## DATASET CONTENT:
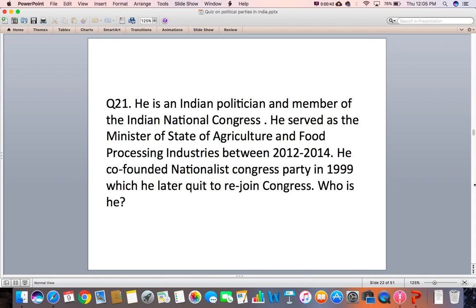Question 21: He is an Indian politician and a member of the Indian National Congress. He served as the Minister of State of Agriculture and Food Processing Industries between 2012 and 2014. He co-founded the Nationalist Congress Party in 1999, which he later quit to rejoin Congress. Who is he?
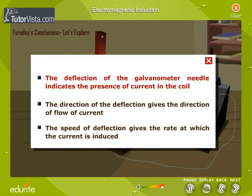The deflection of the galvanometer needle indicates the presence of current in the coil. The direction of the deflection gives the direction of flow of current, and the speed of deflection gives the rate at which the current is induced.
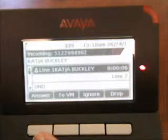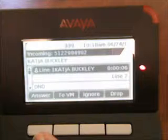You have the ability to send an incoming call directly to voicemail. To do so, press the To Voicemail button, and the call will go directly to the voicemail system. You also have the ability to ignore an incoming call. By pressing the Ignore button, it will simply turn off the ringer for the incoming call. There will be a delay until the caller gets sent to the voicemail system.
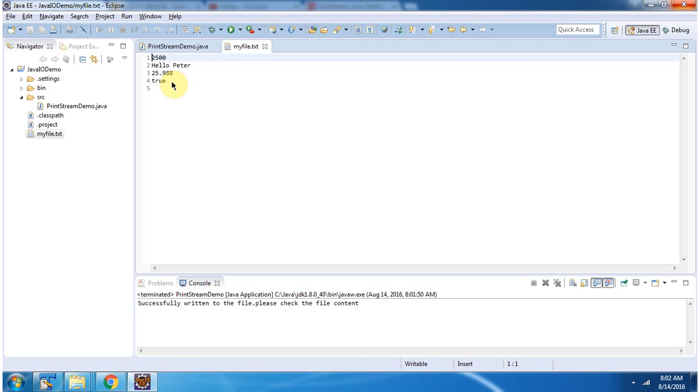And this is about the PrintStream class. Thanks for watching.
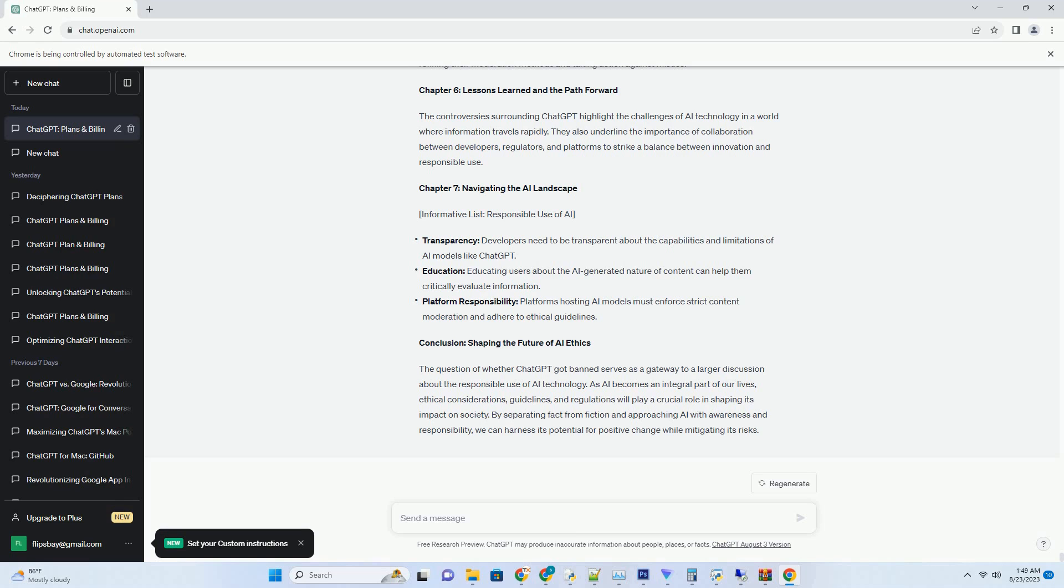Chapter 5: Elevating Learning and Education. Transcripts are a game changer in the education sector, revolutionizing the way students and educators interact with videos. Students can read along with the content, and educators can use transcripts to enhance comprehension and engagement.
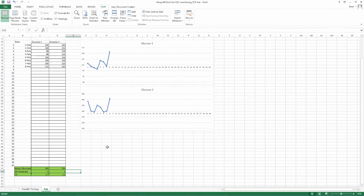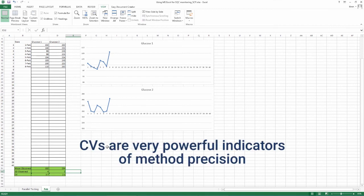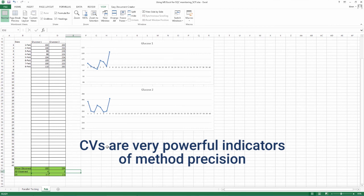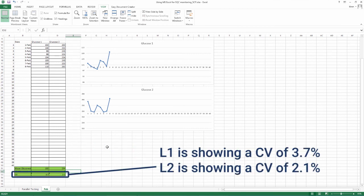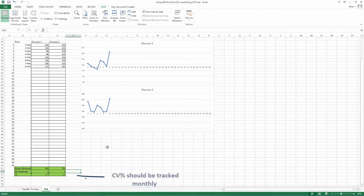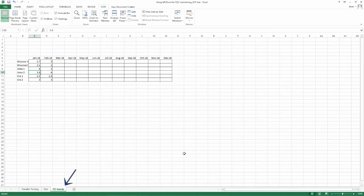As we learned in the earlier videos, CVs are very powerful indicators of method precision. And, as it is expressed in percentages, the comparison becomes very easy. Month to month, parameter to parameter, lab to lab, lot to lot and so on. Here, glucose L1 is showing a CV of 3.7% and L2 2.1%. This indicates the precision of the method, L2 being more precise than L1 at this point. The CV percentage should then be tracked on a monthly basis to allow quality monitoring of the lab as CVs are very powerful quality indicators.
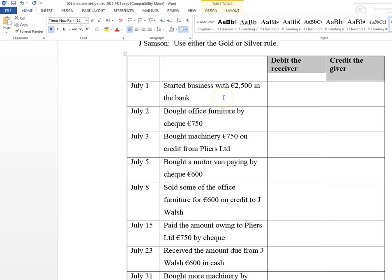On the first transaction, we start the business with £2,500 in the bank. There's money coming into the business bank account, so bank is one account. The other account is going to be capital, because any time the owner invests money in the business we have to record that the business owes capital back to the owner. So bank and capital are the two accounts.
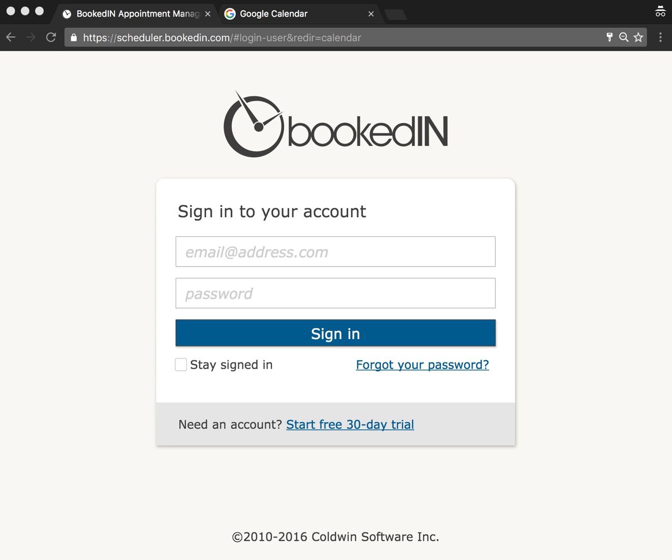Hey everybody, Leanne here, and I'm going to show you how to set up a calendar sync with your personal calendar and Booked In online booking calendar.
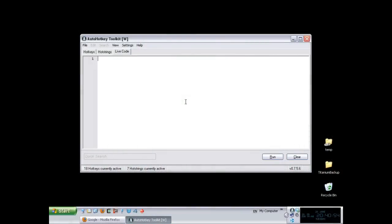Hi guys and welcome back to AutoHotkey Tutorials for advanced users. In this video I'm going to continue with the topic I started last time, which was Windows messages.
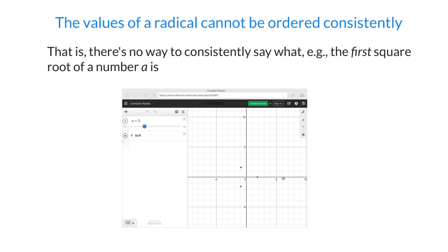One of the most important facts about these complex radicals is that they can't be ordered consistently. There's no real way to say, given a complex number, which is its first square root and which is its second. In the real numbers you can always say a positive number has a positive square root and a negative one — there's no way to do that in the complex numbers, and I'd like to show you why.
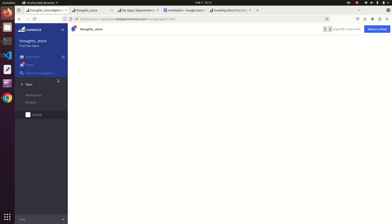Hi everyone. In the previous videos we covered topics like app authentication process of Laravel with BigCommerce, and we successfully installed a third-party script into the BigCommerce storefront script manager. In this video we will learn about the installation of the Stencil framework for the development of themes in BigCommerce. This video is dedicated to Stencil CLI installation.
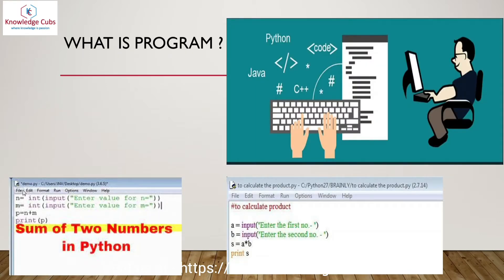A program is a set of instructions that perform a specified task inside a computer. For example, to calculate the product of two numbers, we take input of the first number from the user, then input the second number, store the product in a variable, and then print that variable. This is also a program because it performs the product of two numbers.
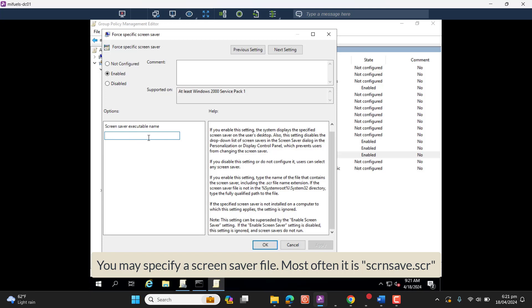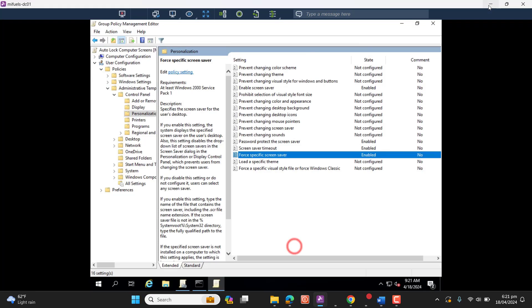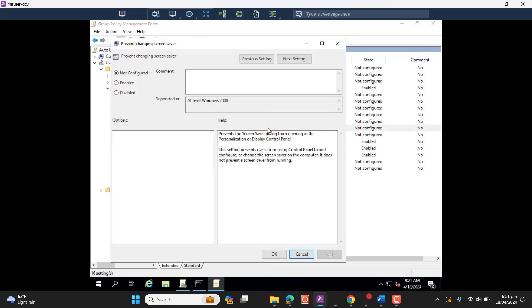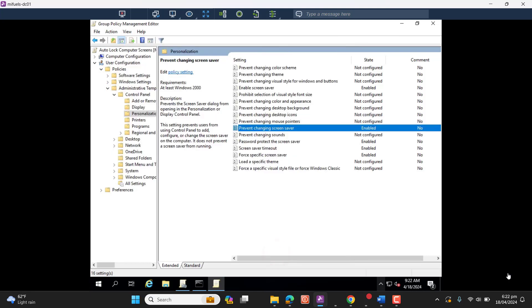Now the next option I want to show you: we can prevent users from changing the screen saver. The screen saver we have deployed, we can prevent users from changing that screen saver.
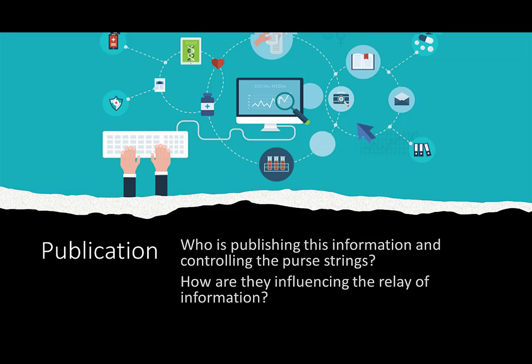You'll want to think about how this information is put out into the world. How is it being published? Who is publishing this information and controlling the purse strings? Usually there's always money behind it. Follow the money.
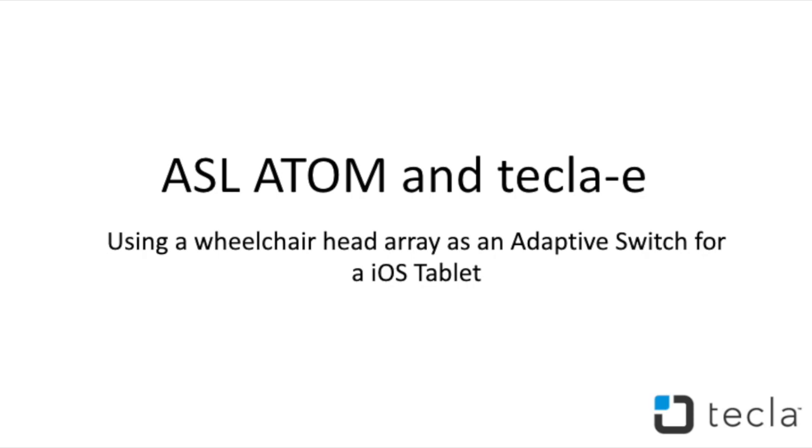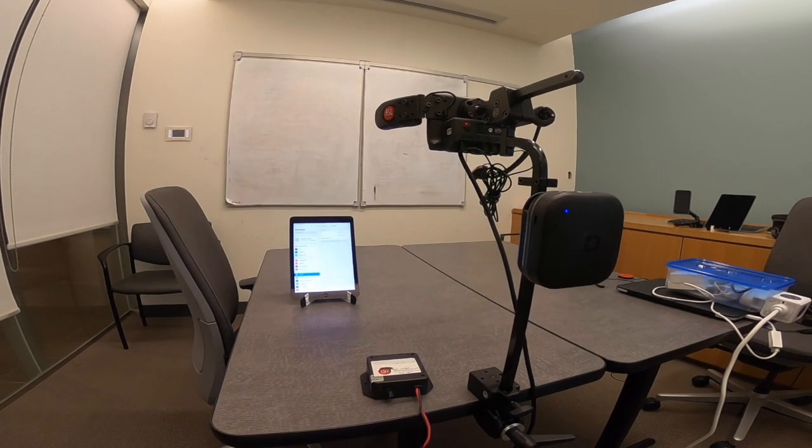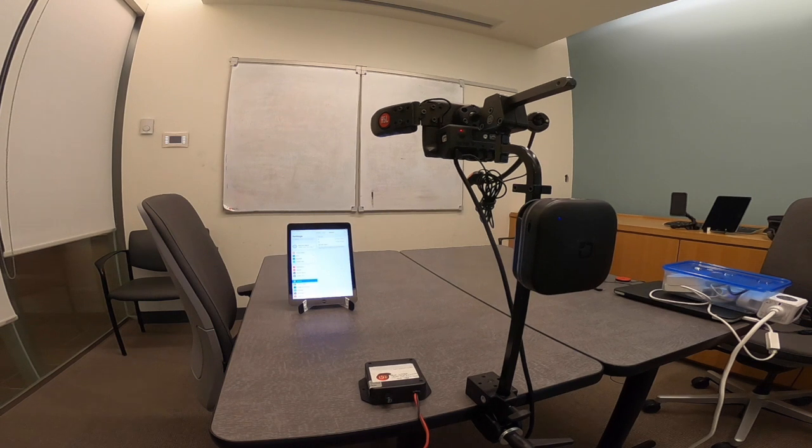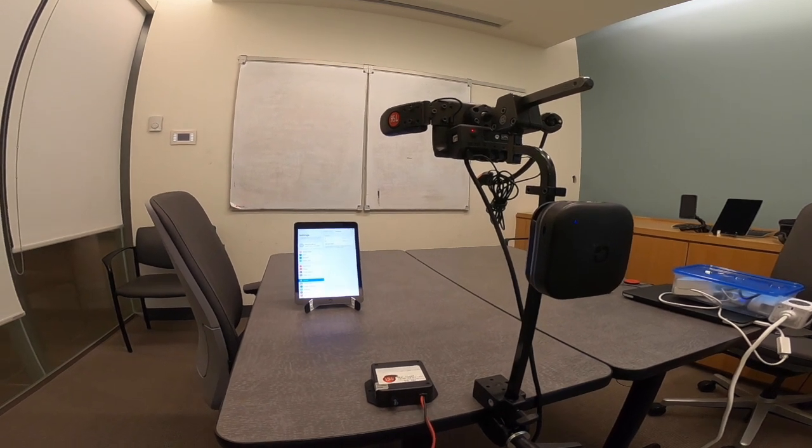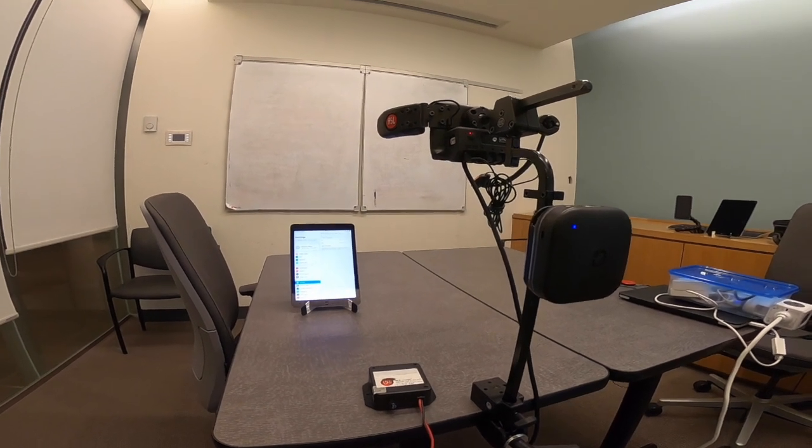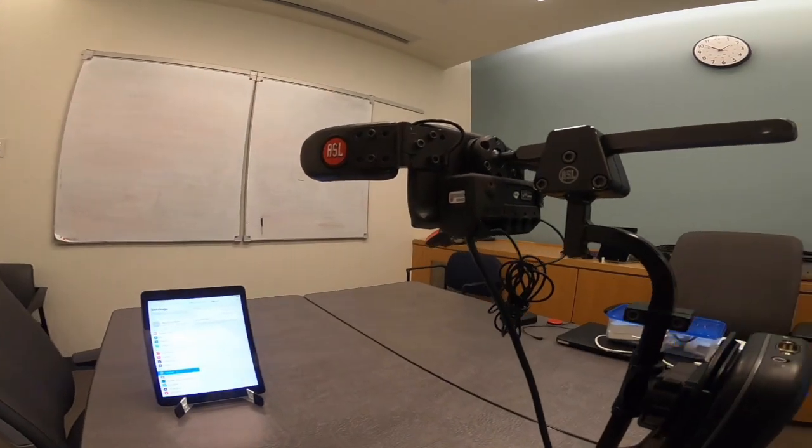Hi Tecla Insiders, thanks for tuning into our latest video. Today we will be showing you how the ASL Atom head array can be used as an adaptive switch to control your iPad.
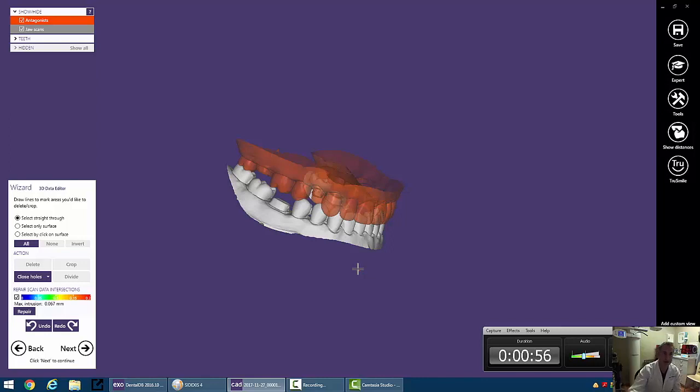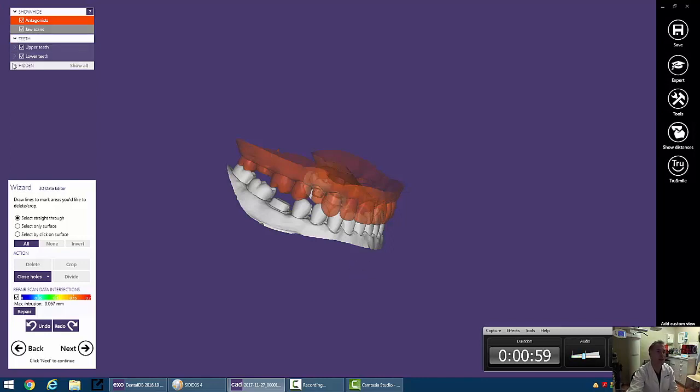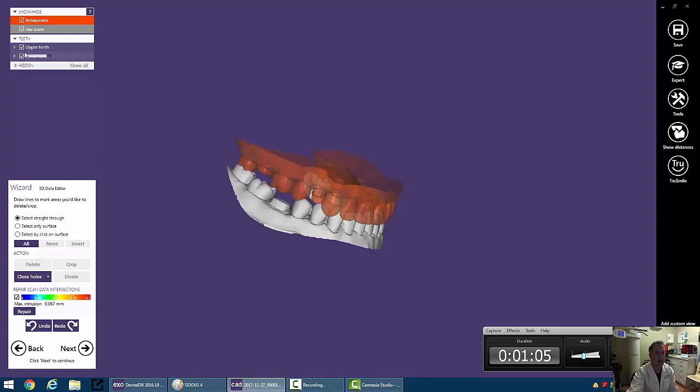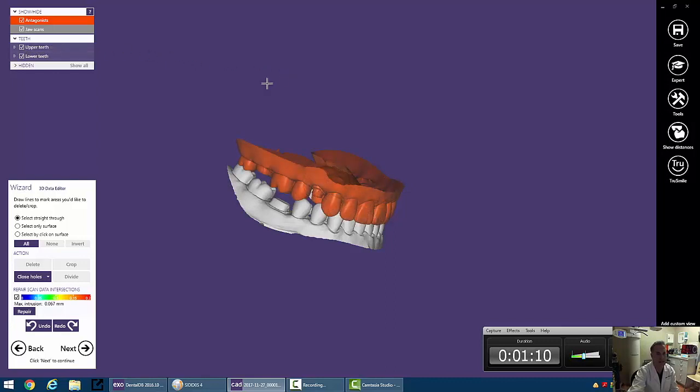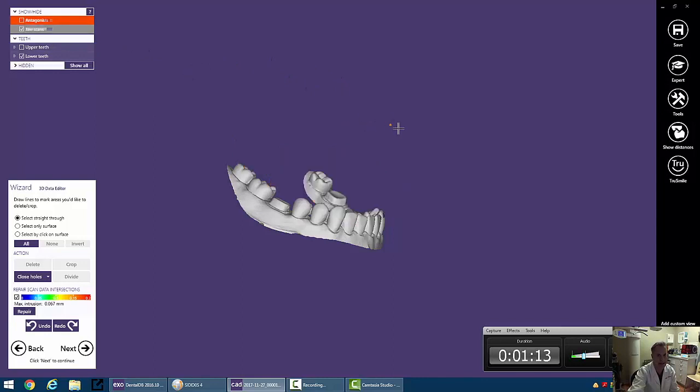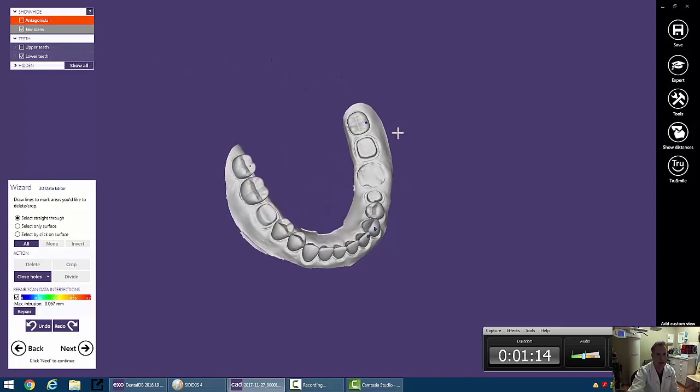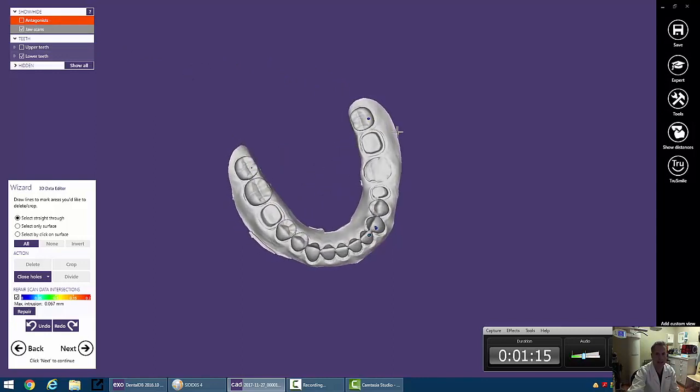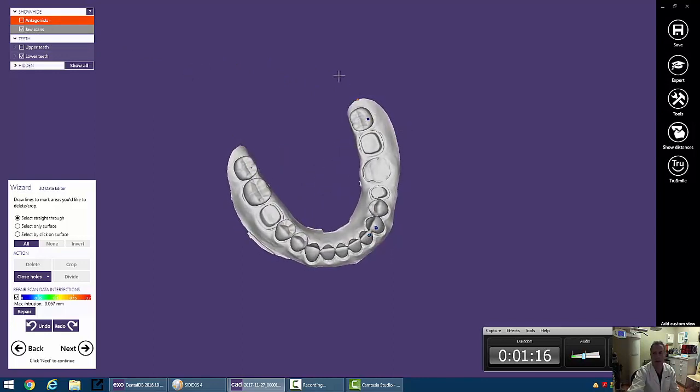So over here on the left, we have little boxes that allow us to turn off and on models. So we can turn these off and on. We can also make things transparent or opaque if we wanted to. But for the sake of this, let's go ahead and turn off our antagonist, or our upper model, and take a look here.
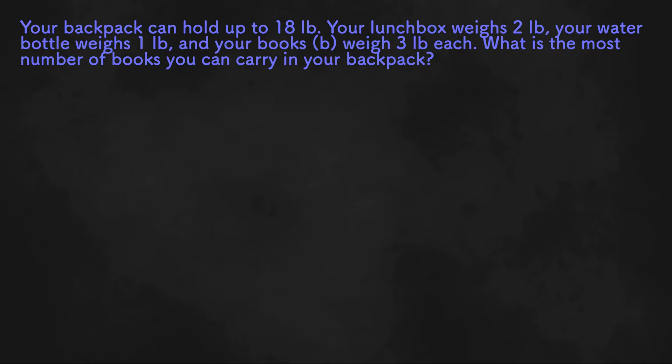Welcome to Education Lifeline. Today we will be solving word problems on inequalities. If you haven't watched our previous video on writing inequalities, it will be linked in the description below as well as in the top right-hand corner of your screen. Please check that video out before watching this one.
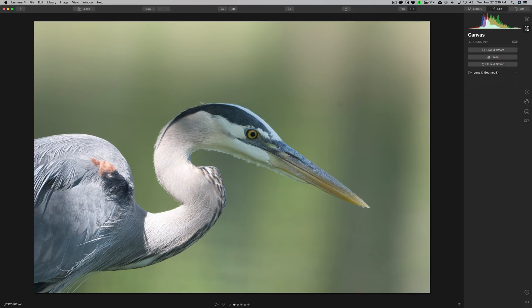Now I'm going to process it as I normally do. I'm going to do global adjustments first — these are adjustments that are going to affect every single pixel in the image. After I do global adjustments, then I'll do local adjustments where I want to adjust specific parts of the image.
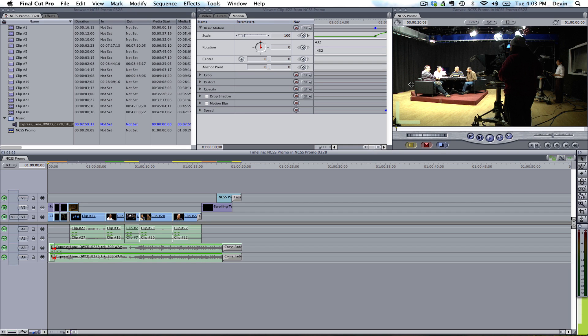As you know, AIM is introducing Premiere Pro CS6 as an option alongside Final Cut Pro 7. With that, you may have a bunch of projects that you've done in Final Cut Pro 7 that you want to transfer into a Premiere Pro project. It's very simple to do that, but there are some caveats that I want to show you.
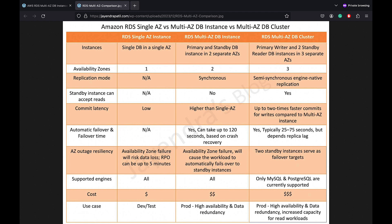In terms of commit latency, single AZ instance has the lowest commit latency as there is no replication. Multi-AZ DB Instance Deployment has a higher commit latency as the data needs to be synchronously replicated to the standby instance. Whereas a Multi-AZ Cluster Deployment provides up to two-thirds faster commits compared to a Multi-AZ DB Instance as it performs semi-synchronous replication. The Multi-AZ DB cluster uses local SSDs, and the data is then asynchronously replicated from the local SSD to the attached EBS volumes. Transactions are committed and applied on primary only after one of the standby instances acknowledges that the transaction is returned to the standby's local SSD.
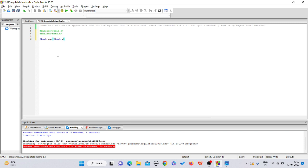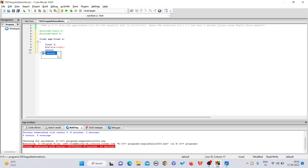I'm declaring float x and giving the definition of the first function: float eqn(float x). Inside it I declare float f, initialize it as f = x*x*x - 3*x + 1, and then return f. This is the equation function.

## PROBLEM TO SOLVE:
Above are the records. Copy word for word only their lines from the one holding "On the first" through the one holding "Hey everybody, Leanne", both included, and skip the images.

## EXERCISE ANSWER:
On the first transaction, we start the business with £2,500 in the bank. There's money coming into the business bank account, so bank is one account. The other account is going to be capital, because any time the owner invests money in the business we have to record that the business owes capital back to the owner. So bank and capital are the two accounts.
Hey everybody, Leanne here, and I'm going to show you how to set up a calendar sync with your personal calendar and Booked In online booking calendar.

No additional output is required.